Da Bark Boyz were in attendance, minus one of our usual suspects who has to be in Hawaii. (Collective "Awwwwww!" goes up from the gallery.) Andy put on his race hat and was out of the gate like a shot, chasing down perpetual SUP paddle speedster Tony. No chance at catching him though. But that put Andy way ahead of Sam and I. 99% of the pack took the low route through the kelp, while Sam and I got more for our monies worth by paddling an extra half mile or so outside mother nature's seagoing vegetable garden.

After the finish Da Boyz paddled back up to Privates for the take-out. The Big Burb transported all three Barks and we ended up at Paula's for grinds, cheapest little palatable breakfast at the beach.

Andy's off to Connecticut for his annual Summer east coast madness, so with Dana in the Islands it'll be up to me and Sam to hold up the weekly paddling tradition. Where we goin' next week bro?

Pier2Pier

Thursday, July 21, 2011

Harbor Tour

July 21, 2011
Took a short paddle early this afternoon before going to pick up the dog from the groomers which is located very near the Harbor. It was the perfect setup to take a quick 40 minute paddle and do a little nautical sightseeing too. Saturday is the 5-mile Pier to Pier, which really isn't a long distance, but I'd like to try grinding that one out, just to see how the old body holds up. But without 50 people to chase I'm not sure how much motivation I'll have to linger at the pain threshold. Life's little challenges are interesting, no?

Nice Covewater Classic Pro Video

Tuesday, July 19, 2011

Paddle One Day; Surf the Next

Monday July 18, 2011
I saw the morning sun for the first time in 11 days at my house. No fog at the beach either. Time for a paddle to work out the kinks from the Covewater race on Saturday.

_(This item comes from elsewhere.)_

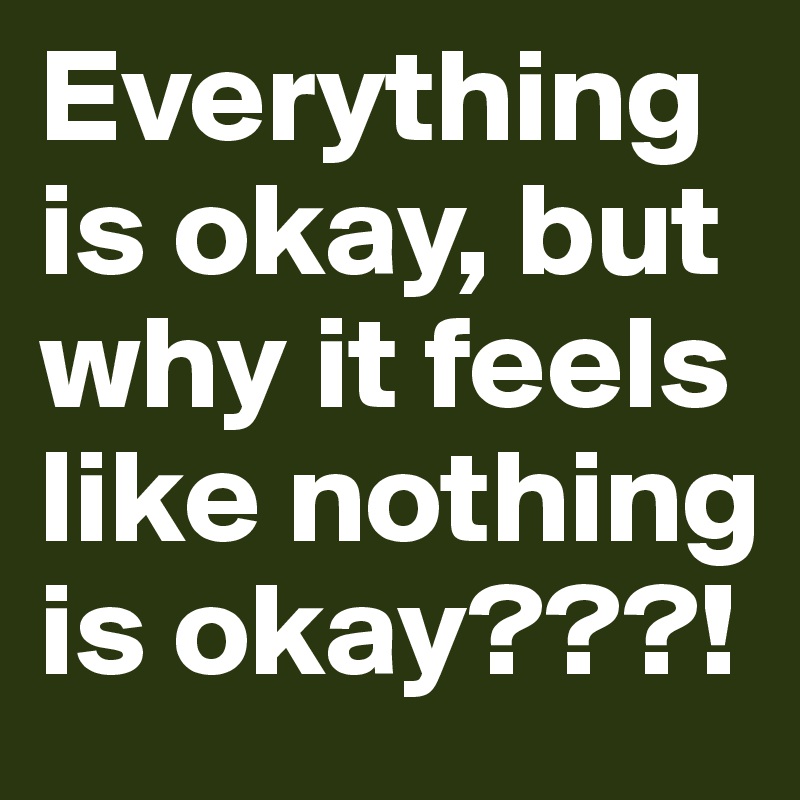 Everything is okay, but why it feels like nothing is okay???!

I hadn't really intended to "race" but once one is in the water with all the other people who do want to race, "race mode" becomes somewhat irresistible. To qualify, racing for me is keeping up a steadier and quicker pace and cadence than I would if I wasn't "racing," and taking no rest stops. Sounds easy enough, but after seven miles I was needing the rest I had shunned for the previous almost two hours.

I took Sunday off and felt pretty sore, my feet being the aching-est part of my body. Feet? Go figure. By Monday I thought a short and relaxed paddle would feel good and help to stretch out some of those tired but recovering muscle groups.

I launched from New Brighton and paddled a diamond shaped 3-miler which turned out to be just right. No problems, no issues, just a beautiful paddle on a pristine Summer day. Looking forward to the Pier to Pier 5-miler wit da boyz this coming Saturday.


NB 3 Mile




Tuesday July 19, 2011
There was a little swell in the water yesterday during my 3-miler which I figured was the Fijian swell and I hoped that it would stick around through at least this morning. So I waited a bit on the tide and paddled out to the usual spots with SimmyD at around 0945.

The thick fog had burned back quite a bit and it was warm and sunny. Unfortunately, the swell had dropped off quite a bit and there were only leftovers being surfed by a huge group of surfers including a surf school that descended into Middies about 45 minutes into the session.

I surfed three or four different spots, poaching a few here, then there and taking down quite a few mediocre waves. Occasionally a sweet little sleeve would roll through, but it was mostly small and sectiony in the rising tide. Maybe the coolest thing about this morning was poaching a half dozen waves at FP's. Usually SUPs are heavily frowned upon in that neighborhood but since there wasn't a lot of wave action, and even fewer people surfing there I got away with it. This is how it all starts. (Insert winking smiley face here.)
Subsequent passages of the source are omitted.